When people think of Ponce Inlet nowadays, they think of a law-abiding community (for the most part).  However, during Prohibition (when it was a sleepy little village named Ponce Park), it at times resembled the Wild West! One example was a shootout between federal agents and rum runners late one night and into the early morning hours when law enforcement swooped down on two boats at Ponce Park.

According to an article from New Smyrna Daily News of May 2nd, 1924, one woman was wounded, five men arrested, 250 cases of liquor, a gasoline launch and five automobiles were confiscated in one of the most daring and largest raids on rum pirates of Volusia County. Whizzing bullets from high-powered rifles and revolvers, and scatter shot from shotguns flew in an effort by law enforcement officers to capture the smugglers.  The woman, attempting to land cargo in a gasoline launch, was shot in the stomach in the crossfire, but the launch made a successful escape.  The second launch was captured and taken as evidence.  Women and men, in an effort to escape the melee, emerged from the underbrush with their clothes almost torn from their bodies, while engines roared and sirens screeched in a vain attempt to escape along the road.  One well-known fisherman jumped overboard from the second launch and swam away, hiding under a mangrove bush for three hours before his arrest.

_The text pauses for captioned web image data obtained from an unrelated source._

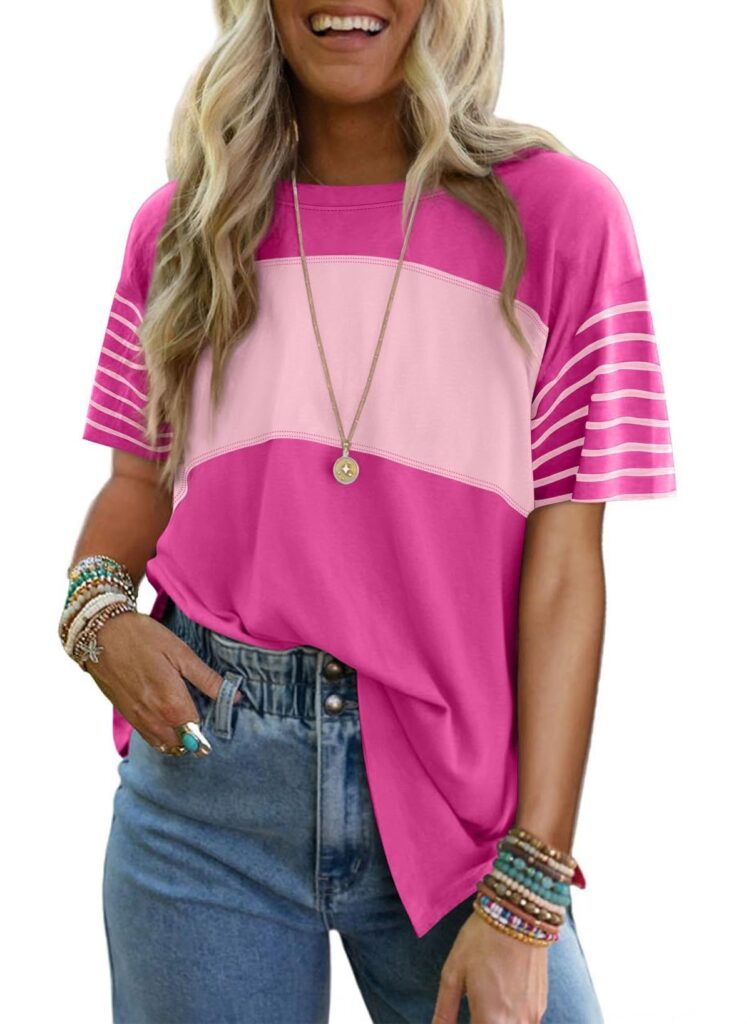 Women's New Style Crew Neck Pullover Casual Striped Color-Block Short-Sleeved T-Shirt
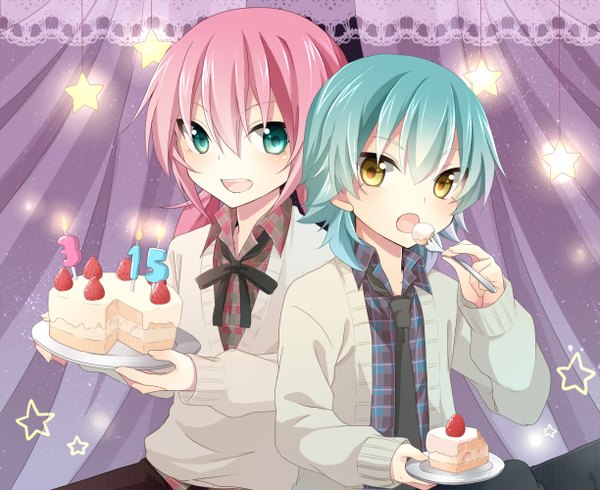 Anime picture 1224x1000 with inazuma eleven inazuma eleven go kirino ranmaru kariya masaki izumi39 long hair blush short hair open mouth sitting twintails yellow eyes looking away pink hair aqua eyes aqua hair multiple boys low twintails eating boy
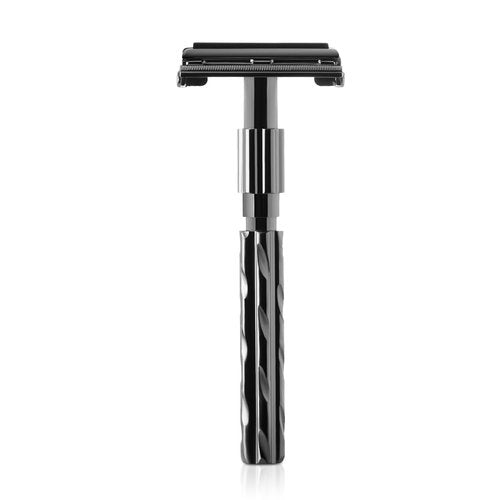 Parker 22R Long Handle Safety Razor - Gunmetal Twist-to-Open Design, Heavyweight Brass Frame | 5 Platinum Blades Included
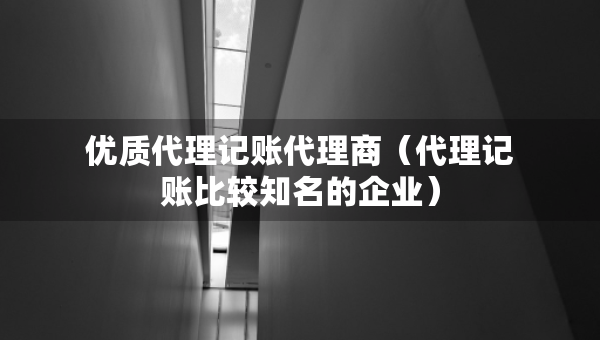 優(yōu)質(zhì)代理記賬代理商（代理記賬比較知名的企業(yè)）
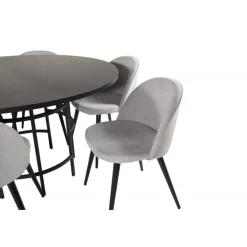København Rundt Spisebordssæt - Sort og Lysegrå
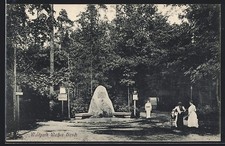 Ansichtskarte Weißer Hirsch, Gedenkstein im Waldpark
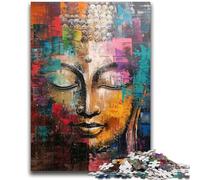 Puzzles pour Adultes 1000 pièces, Graffiti Bouddha Difficile, pour Les 14 Ans et Plus, Jeux éducatifs pour Adultes et Adolescents, Illustration, Cadeau, 26x38cm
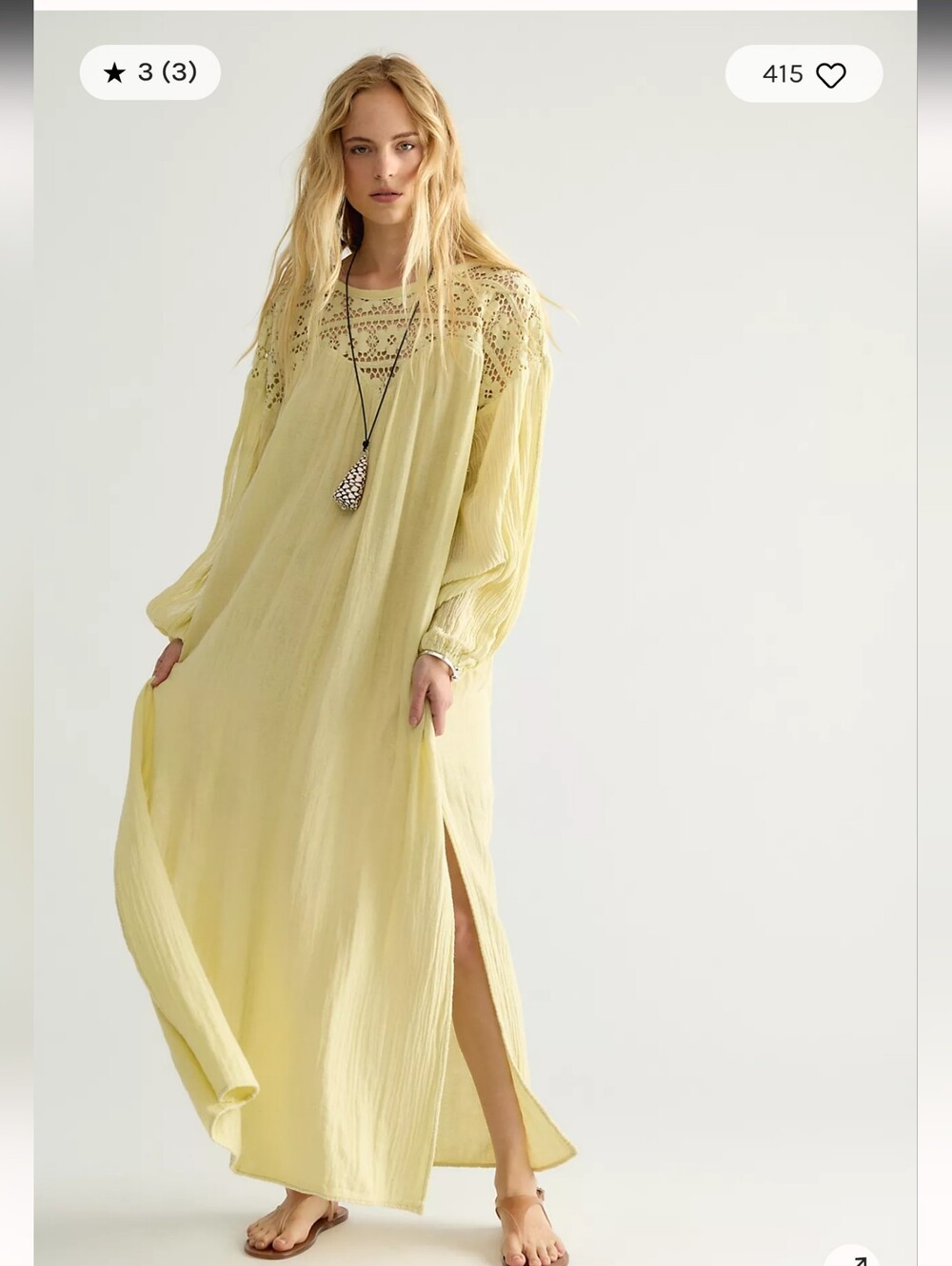 NWT Jen's Pirate Booty Boho Crochet Yoke Maxi Dress in Pale Yellow M
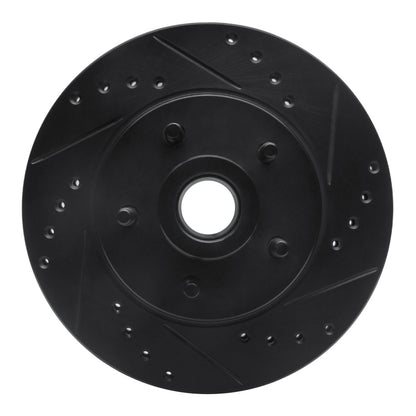 R1 Concepts R1 84-87 Lincoln CONTINENTAL Front Right Drilled & Slotted Black Brake Rotor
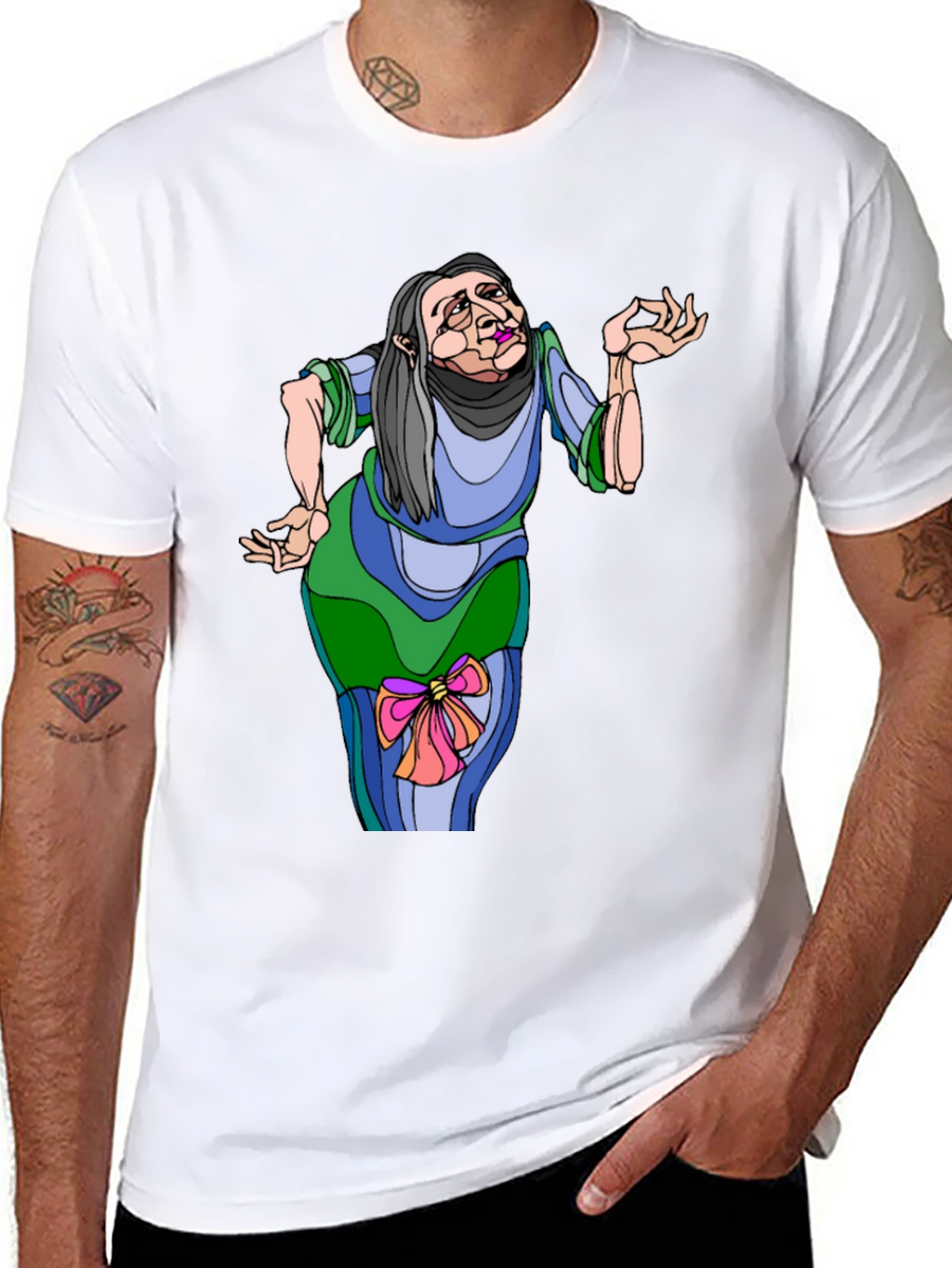 Whimsical Cartoon Old Woman T-Shirt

As Florida’s population increased, the Coast Guard encountered more and more problems in apprehending rum runners or bootleggers.  They had the duty to protect the coasts, and the lighthouse keepers were pressed into service to keep a constant vigil and report any suspicious activity, day or night. From their vantage point high in the tower, keepers could monitor clandestine landings. Eventually the Lighthouse Service would grant an official commendation for meritorious service to Charles L. Sisson, keeper of the Mosquito Inlet Lighthouse Station from July 1924 until August 1926, who cooperated with the Coast Guard in keeping on the lookout for smugglers and providing assistance to personnel of the Coast Guard Cutter Yamacraw.

Charles Sisson and Family
Charles Sisson and Family
 
US Coast Guard Yamacraw c.1914
US Coast Guard Yamacraw c.1914
 

A rumor exists that someone had gifted a keeper with a bottle of illegal whiskey.  However, the keeper was a teetotaler but a polite one.  He did not wish to refuse a gift but had no wish to consume it or pass it on to someone else who might be corrupted by it.  Instead, the story goes that he buried the bottle under the second assistant keeper’s dwelling, but it has yet to be found (and I’m sure many efforts have been made to do so)!